Fix ConnectionStateHandler logic around leave timer & stashed ops workflow #21110

vladsud · 2024-05-16T06:23:46Z

Add UT case that catches the problem (if no other changes are made).
Remove incorrect code that starts leave timer where it's not required (ConnectionStateHandler.ts)
Suggests possible fix (Container.ts) for stashed ops worfklow. It's a bit ugly. Happy to hear better ideas.

Overall note: I think that's not the only shoe to drop. Exposing clientId from previous client that early in boot sequence, and essentially making some events go backwards in time (addMember / removeMember events in Quorum fire after we have established clientId) may be problematic in other areas, including in consumers of FF. In other words, users of the system may not expect such reverse flow of events. In places where they run into it, they may not understand why and how it happens, and may produce incorrect changes to deal with them, or reduce invariant checks and thus reduce code integrity.

packages/loader/container-loader/src/connectionStateHandler.ts

msfluid-bot · 2024-05-16T23:48:41Z

⯅ @fluid-example/bundle-size-tests: +42 Bytes

Metric Name	Baseline Size	Compare Size	Size Diff
aqueduct.js	453.34 KB	453.34 KB	■ No change
azureClient.js	552.54 KB	552.55 KB	⯅ +12 Bytes
connectionState.js	680 Bytes	680 Bytes	■ No change
containerRuntime.js	257.02 KB	257.02 KB	■ No change
fluidFramework.js	359.88 KB	359.88 KB	■ No change
loader.js	134.34 KB	134.36 KB	⯅ +18 Bytes
map.js	41.53 KB	41.53 KB	■ No change
matrix.js	143.75 KB	143.75 KB	■ No change
odspClient.js	520.9 KB	520.91 KB	⯅ +12 Bytes
odspDriver.js	97.3 KB	97.3 KB	■ No change
odspPrefetchSnapshot.js	42.16 KB	42.16 KB	■ No change
sharedString.js	160.27 KB	160.27 KB	■ No change
sharedTree.js	359.86 KB	359.86 KB	■ No change
Total Size	3.2 MB	3.2 MB	⯅ +42 Bytes

Baseline commit: 7dea35e

Generated by 🚫 dangerJS against d203b90

markfields · 2024-05-22T19:21:53Z

packages/loader/container-loader/src/test/connectionStateHandler.spec.ts

@@ -1139,6 +1143,48 @@ describe("ConnectionStateHandler Tests", () => {
 },
 );

+ it("test 'read' reconnect & races ", async () => {
+ connectionStateHandler = createHandler(
+ false, // connectedRaisedWhenCaughtUp,


Does the test require this? Better to use the default values if possible

It does - I pass readClientsWaitForJoinSignal = true, while default uses false for both arguments

Looks like they default to true to me. In createConnectionStateHandler, for each it is looking for a "Disable" flag, and if not set will yield true.
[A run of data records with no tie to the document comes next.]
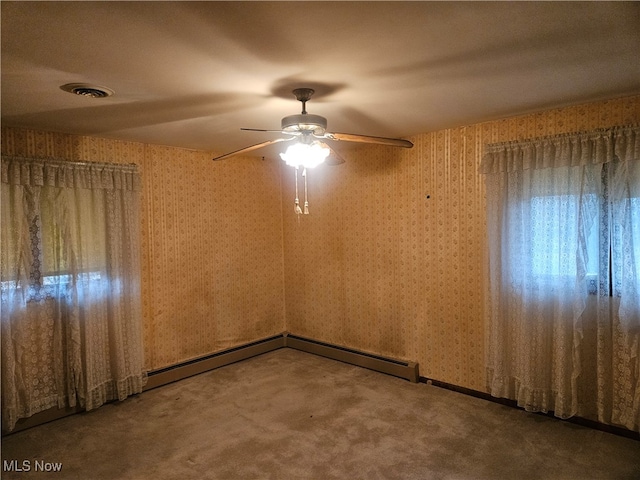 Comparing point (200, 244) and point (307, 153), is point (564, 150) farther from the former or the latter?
point (200, 244)

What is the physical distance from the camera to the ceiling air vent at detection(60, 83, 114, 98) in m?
2.25

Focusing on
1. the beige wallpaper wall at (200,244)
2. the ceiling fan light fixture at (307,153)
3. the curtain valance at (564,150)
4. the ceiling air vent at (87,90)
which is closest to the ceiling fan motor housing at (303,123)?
the ceiling fan light fixture at (307,153)

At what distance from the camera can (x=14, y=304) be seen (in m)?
3.04

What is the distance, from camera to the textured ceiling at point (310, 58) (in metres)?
1.55

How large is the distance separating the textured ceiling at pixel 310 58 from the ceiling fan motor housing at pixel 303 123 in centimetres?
20

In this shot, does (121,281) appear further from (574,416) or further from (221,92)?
(574,416)

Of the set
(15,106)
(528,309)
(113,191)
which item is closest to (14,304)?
(113,191)

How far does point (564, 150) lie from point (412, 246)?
1.51 m

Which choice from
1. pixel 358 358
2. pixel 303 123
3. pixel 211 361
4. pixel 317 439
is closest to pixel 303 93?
pixel 303 123

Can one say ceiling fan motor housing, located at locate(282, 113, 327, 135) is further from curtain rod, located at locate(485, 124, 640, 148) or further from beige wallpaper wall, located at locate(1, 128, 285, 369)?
beige wallpaper wall, located at locate(1, 128, 285, 369)

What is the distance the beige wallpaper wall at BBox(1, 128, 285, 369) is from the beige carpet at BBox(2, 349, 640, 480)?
75 cm

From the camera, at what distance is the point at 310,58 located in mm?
1950

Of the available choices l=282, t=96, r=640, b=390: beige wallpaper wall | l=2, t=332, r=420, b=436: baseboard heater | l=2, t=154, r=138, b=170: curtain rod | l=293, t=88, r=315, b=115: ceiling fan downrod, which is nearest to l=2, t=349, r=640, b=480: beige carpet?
l=2, t=332, r=420, b=436: baseboard heater

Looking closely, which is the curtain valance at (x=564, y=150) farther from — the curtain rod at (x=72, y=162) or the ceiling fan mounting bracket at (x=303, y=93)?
the curtain rod at (x=72, y=162) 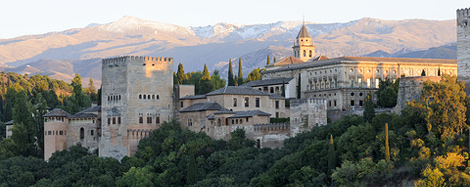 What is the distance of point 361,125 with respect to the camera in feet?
197

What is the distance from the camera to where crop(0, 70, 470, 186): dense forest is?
2104 inches

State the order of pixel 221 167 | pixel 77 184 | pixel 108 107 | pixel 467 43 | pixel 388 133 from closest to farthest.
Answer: pixel 388 133
pixel 467 43
pixel 221 167
pixel 77 184
pixel 108 107

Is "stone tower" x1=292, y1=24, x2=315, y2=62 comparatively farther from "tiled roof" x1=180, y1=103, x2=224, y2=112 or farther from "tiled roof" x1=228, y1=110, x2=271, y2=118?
"tiled roof" x1=228, y1=110, x2=271, y2=118

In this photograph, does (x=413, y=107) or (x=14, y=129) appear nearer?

packages/loader/container-loader/src/test/connectionStateHandler.spec.ts

markfields · 2024-05-22T19:31:59Z

packages/loader/container-loader/src/test/connectionStateHandler.spec.ts

+ connectionStateHandler.receivedConnectEvent(connectionDetails2);
+
+ // Clear Audience
+ connectionStateHandler_receivedLeaveSignalEvent(connectionDetails.clientId);


Is this necessary for the test?

Oh I see, it represents the removal of this from the audience. Of course.

If this line is removed, then connection 2 does need to wait for connection 1 to leave, right?

Ok I'm confused 😅 The redundant Join Signal (next line of code) adds the first clientId back to the Audience. I'll go look at the code to see what's going on (started reviewing with tests first)

I'm a little nervous about the logic there, given the volatility of leave/join signals. It's quite a rigid state machine, and it may not fit anymore.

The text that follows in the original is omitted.